COEUR d’ALENE — Discussions about how to fund Idaho’s cash-strapped public school districts often lead back to thoughts of 2006.

That was the year Idaho lawmakers, and then Gov. Jim Risch, enacted legislation that shifted public school financing from property taxes to sales and income taxes.

“The point of the shift at that time was property tax relief,” said Post Falls Superintendent Jerry Keane. “The governor and legislators indicated that the state revenues would be adequate to make such a shift.”

Keane said that school districts, while not opposed to property tax relief, were concerned about the stability of a funding system based only on sales tax and income tax.

Prior to the change, a Maintenance and Operations Levy of $3 per $1,000 of assessed property value was levied on all property owners in the state. Those funds provided the bulk of revenue that made up the general fund appropriation from the state’s education budget.

Districts were also able to ask voters to approve supplemental levies to provide additional funds, as they are today.

The property tax reform of 2006 eliminated the $3 per $1,000 Maintenance and Operations Levy, and raised the state sales tax from 5 percent to 6 percent to pay for the operation of the state’s public schools.

In 2006, the public cry for property tax relief reverberated loudly in Idaho, which had the 36th lowest property tax rate in the nation in 2005, and in other states where property taxes were soaring.

It did provide property tax relief in Idaho.

Prior to the shift, the school levy rate in the Coeur d’Alene School District was $5.23 per $1,000 of taxable assessed value. Today it’s $1.51 per $1,000.

If voters approve a $12.9 million levy the district is floating before them on March 8, the levy rate will rise to $2.14 per $1,000 of assessed property value.

“It’s still much, much smaller than it was,” said Superintendent Hazel Bauman.

In Post Falls, the school levy tax rate in 2006 was $5.61 per $1,000 of property value. Now it is $2.58 per $1,000.

If the old statewide property tax support for schools had been left in place, Alan Dornfest, property tax policy supervisor with the Idaho State Tax Commission, says  that in 2010, the $3.00 per $1,000 maintenance and operation levy would have generated at least $337 million for schools.

In 2011, the number drops to $302 million due to declining property values in the state.

Sales tax revenue declined dramatically when the economy plummeted in 2008, and  school districts subsequently saw a $128 million reduction in funding from the state education budget.

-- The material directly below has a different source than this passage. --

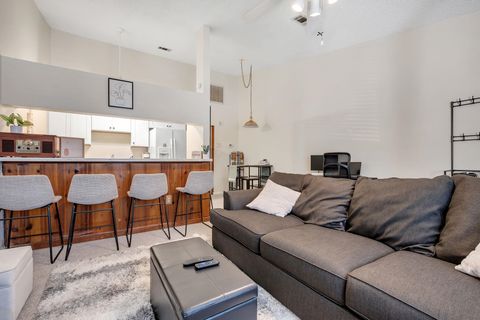 Tiny photo for 2203 Sandpiper Street, Tallahassee, FL 32303 (MLS # 392359)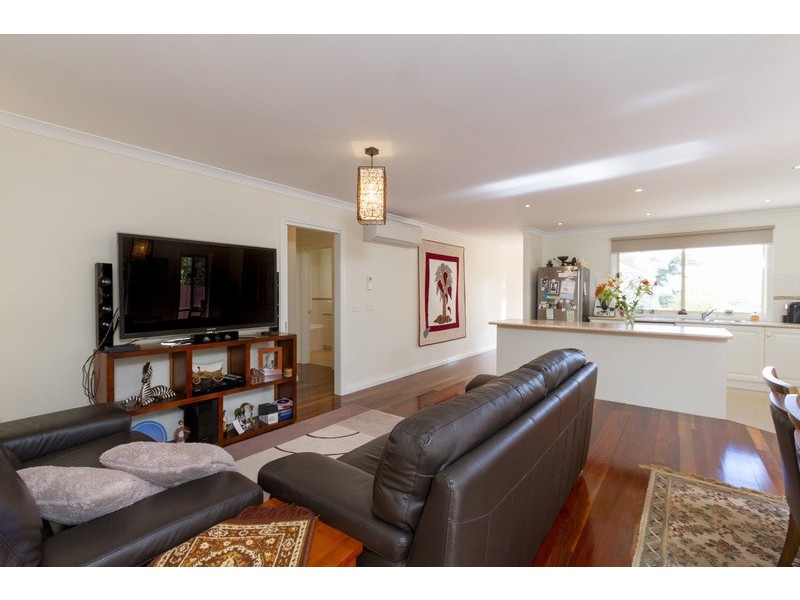 6 Bastow Road, Lilydale VIC 3140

As state funds for education have dwindled, the pendulum has begun to swing back toward funding Idaho’s public schools with local property taxes.

In 2006, $78.7 million were collected through supplemental levies by Idaho school districts.

By 2010, the number of local property tax supplemental levies jumped by $57.6 million to $136.3 million.

“With an economic downturn of the scale we have seen there would have been state cuts even if the M & O was still in place,” said Tom Taggart, business director for the Lakeland School District. “What it would have done is provide a more stable revenue source. Of course that stability would have come at the expense of property owners.”